The film depicts what scholars have long called “The Natural Resource Curse.” As opposed to generating wealth in the country, natural resources such as gold, but also oil and minerals, undermine a country’s capability to develop.
Let’s Make Money shows how international financial institutions such as the World Bank are responsible for the accumulated debt of African states. In this case, it is the World Bank that has invested in the Ahafo mine, but takes no “responsibility for the aftereffects, or any externalities that flow out of the investment project,” according to Mark Mobius, president of the investment company Templeton Emerging Markets. “Their job is to invest, and to make money.”
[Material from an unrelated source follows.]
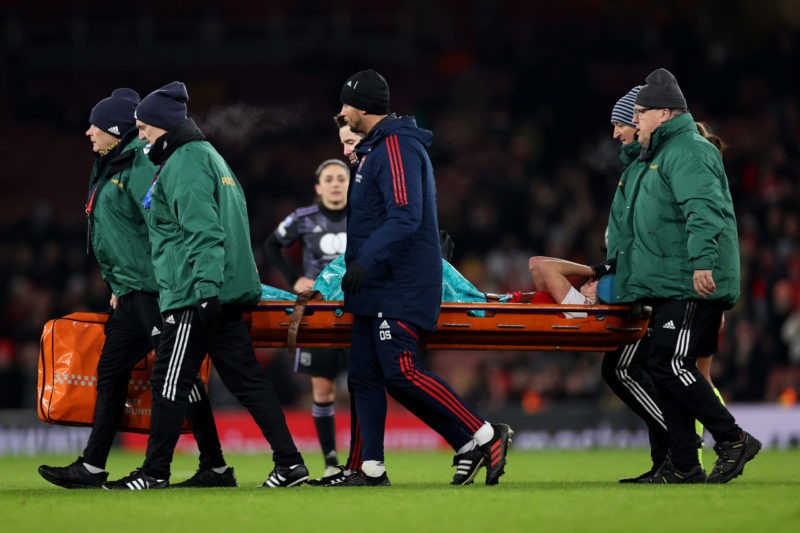 LONDON, ENGLAND - DECEMBER 15: Vivianne Miedema of Arsenal is stretchered off after picking up a serious leg injury during the UEFA Women's Champions League group C match between Arsenal and Olympique Lyon at Emirates Stadium on December 15, 2022 in London, England. (Photo by Ryan Pierse/Getty Images)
In the end, it is the poverty stricken locals that pay the price of investment. The settings range from India to Austria, and from Burkina Faso to Washington D.C., and emphasize the major factors of the neoliberal order through the most chilling examples of market deregulation, credits and privatization of public facilities.
The Sundance Film Festival has characterized this film as “chilling,” with stories “that you’d expect to find in a science-fiction movie rather than a documentary.”
Wagenhofer uncovers just how much influence the rich and powerful have. Whether you are part of the world’s elite, struggling to obtain basic human needs, or fall into the grey area, money has an influence over everyone. Let’s Make Money explores this complex relationship and sheds light on the immense divide between the rich and the poor.
Cinema Politica will screen Let’s Make Money next
Tuesday, Feb. 8 at 7:00 p.m.
The screening will take place in Concordia University’s
Hall Building (1455 de Maisonneuve) in room H 110. Free.